Start of Data to process
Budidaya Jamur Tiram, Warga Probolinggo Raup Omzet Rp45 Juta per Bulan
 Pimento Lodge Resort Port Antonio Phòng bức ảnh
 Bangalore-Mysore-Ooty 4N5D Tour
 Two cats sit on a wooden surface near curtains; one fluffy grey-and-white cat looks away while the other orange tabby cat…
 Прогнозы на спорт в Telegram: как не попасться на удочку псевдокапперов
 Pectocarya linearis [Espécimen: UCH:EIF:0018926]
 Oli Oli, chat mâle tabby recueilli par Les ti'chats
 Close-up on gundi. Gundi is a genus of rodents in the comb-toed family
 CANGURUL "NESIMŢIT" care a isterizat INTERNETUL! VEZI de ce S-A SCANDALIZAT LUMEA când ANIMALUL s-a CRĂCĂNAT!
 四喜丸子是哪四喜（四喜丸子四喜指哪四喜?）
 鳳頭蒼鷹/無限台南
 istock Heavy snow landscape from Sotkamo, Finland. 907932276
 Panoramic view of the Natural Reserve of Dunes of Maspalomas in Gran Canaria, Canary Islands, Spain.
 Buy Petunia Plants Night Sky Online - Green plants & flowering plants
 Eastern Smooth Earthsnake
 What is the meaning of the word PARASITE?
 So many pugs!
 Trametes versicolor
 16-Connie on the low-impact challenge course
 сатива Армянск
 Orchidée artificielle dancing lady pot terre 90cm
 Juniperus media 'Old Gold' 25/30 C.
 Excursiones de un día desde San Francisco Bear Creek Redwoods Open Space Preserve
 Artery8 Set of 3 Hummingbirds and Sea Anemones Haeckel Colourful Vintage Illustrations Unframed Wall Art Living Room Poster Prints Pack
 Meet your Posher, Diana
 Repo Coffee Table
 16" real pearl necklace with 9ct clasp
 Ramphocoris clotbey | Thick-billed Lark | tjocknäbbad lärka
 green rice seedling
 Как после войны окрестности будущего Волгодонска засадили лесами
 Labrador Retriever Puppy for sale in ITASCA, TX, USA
End of Data to process
• _Aim of the task_
Look over the entries above and say how many lines contain "tabby"; give only the number.

• _Written response_
2